Data follows below. Repeat exactly the lines between the line holding "CAT 336 D2 - Crawler excavator: picture 4 CAT" and the line holding "BESTOYARD 30pièces Clips", inclusive, and nothing more; drop pictures.

[Record excerpts — start]

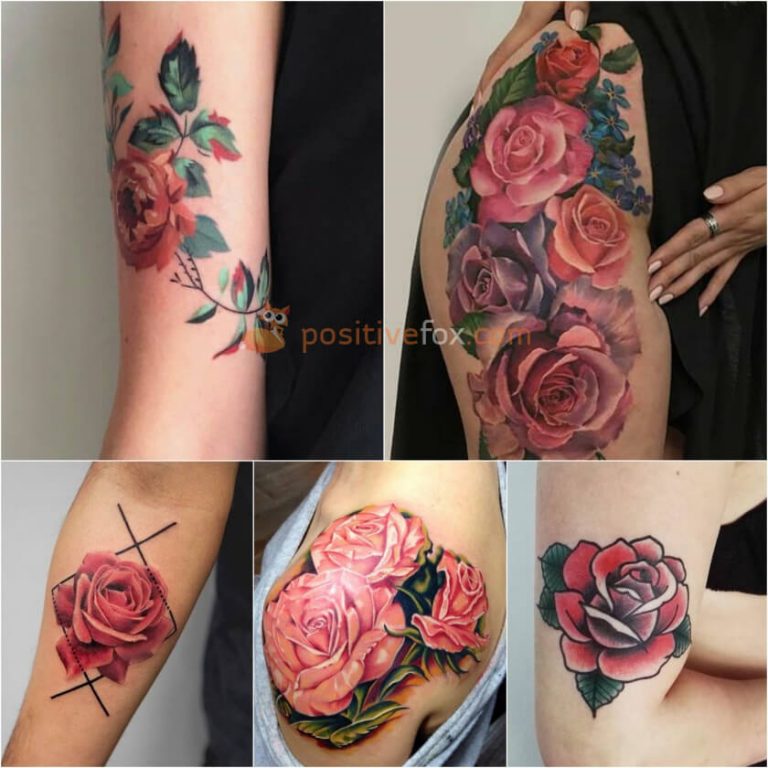 Best 100+ Rose Tattoo Ideas Rose Tattoos Ideas with Meaning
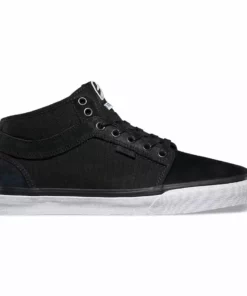SHOES Vans Chukka Mid Shoe-Shadow/Black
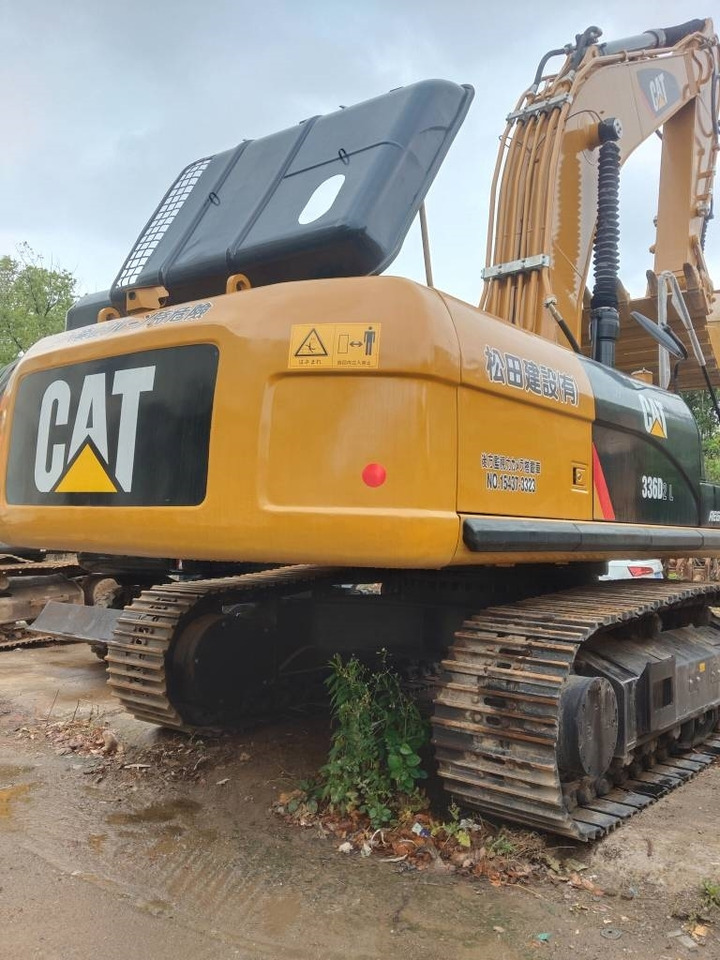 CAT 336 D2 - Crawler excavator: picture 4 CAT 336 D2 - Crawler excavator: picture 4
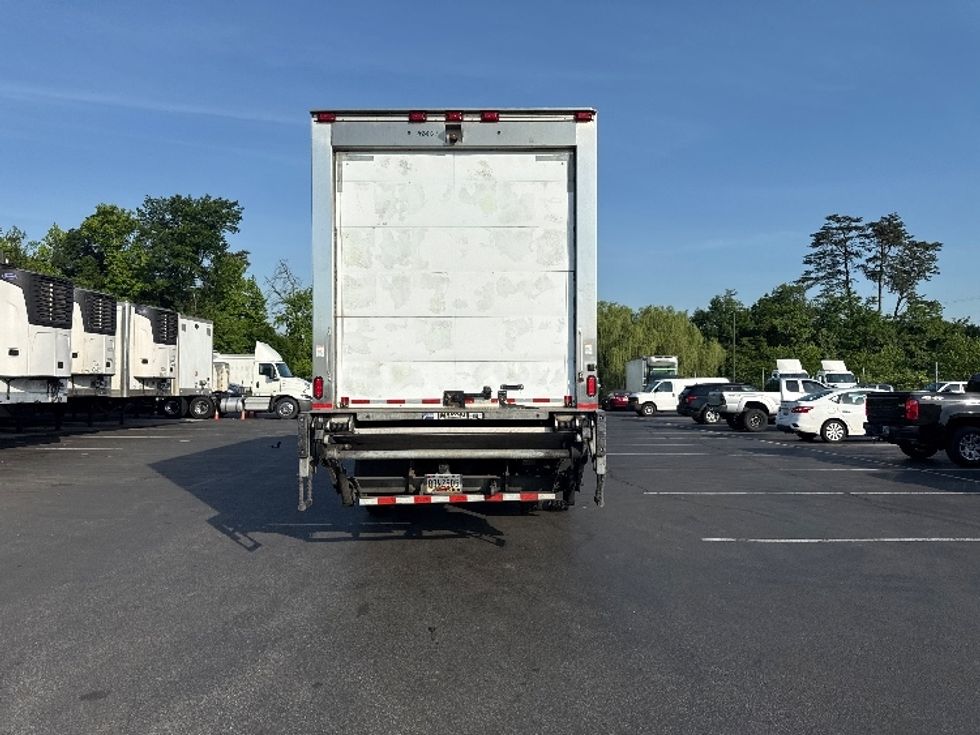 Refrigerated Truck-Light and Medium Duty Trucks-Freightliner-2019-M2-Jessup-MD-196,767\n\t\tmiles-$ 44,250 - Image 7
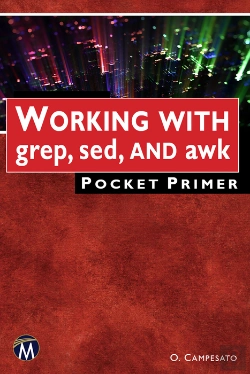 Bertrand.pt - Working With Grep, Sed, And Awk Pocket Primer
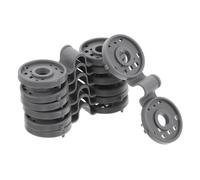 BESTOYARD 30pièces Clips De Fixation pour Filet Ombre Clips Réutilisables pour Protection Solaire Agriculture Et Accessoire Durable Et Résistant Aux Intempéries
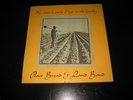 Peace Bread & Land Band Mill Town Blues EP Folk Psych with Inserts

[Record excerpts — finish]

Exercise response =
 CAT 336 D2 - Crawler excavator: picture 4 CAT 336 D2 - Crawler excavator: picture 4
 Refrigerated Truck-Light and Medium Duty Trucks-Freightliner-2019-M2-Jessup-MD-196,767\n\t\tmiles-$ 44,250 - Image 7
 Bertrand.pt - Working With Grep, Sed, And Awk Pocket Primer
 BESTOYARD 30pièces Clips De Fixation pour Filet Ombre Clips Réutilisables pour Protection Solaire Agriculture Et Accessoire Durable Et Résistant Aux Intempéries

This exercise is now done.